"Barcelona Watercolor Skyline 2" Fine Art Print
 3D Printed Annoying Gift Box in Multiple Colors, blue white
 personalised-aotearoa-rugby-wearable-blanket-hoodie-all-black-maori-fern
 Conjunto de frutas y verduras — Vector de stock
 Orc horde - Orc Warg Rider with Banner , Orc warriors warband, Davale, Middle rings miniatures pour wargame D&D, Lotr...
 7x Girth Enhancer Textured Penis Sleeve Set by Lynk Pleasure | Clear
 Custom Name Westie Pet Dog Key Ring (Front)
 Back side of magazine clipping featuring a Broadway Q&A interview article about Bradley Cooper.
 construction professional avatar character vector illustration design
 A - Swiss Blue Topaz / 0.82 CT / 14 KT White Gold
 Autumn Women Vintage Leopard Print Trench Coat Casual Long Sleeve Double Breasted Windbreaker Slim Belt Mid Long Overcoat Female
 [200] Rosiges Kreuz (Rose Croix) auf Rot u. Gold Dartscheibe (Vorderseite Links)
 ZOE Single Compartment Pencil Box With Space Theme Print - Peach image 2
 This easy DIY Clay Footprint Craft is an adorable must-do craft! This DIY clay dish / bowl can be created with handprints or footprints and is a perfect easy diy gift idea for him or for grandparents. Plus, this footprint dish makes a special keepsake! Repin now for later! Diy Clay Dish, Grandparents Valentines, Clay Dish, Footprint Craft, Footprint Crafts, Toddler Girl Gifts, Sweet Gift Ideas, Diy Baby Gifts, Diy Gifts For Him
______________________________
§ **Work instruction**
Return only those lines that run from the one containing "Orc horde - Orc" through the end of the entries, keeping each exactly as written.

§ **Completed exercise**
 Orc horde - Orc Warg Rider with Banner , Orc warriors warband, Davale, Middle rings miniatures pour wargame D&D, Lotr...
 7x Girth Enhancer Textured Penis Sleeve Set by Lynk Pleasure | Clear
 Custom Name Westie Pet Dog Key Ring (Front)
 Back side of magazine clipping featuring a Broadway Q&A interview article about Bradley Cooper.
 construction professional avatar character vector illustration design
 A - Swiss Blue Topaz / 0.82 CT / 14 KT White Gold
 Autumn Women Vintage Leopard Print Trench Coat Casual Long Sleeve Double Breasted Windbreaker Slim Belt Mid Long Overcoat Female
 [200] Rosiges Kreuz (Rose Croix) auf Rot u. Gold Dartscheibe (Vorderseite Links)
 ZOE Single Compartment Pencil Box With Space Theme Print - Peach image 2
 This easy DIY Clay Footprint Craft is an adorable must-do craft! This DIY clay dish / bowl can be created with handprints or footprints and is a perfect easy diy gift idea for him or for grandparents. Plus, this footprint dish makes a special keepsake! Repin now for later! Diy Clay Dish, Grandparents Valentines, Clay Dish, Footprint Craft, Footprint Crafts, Toddler Girl Gifts, Sweet Gift Ideas, Diy Baby Gifts, Diy Gifts For Him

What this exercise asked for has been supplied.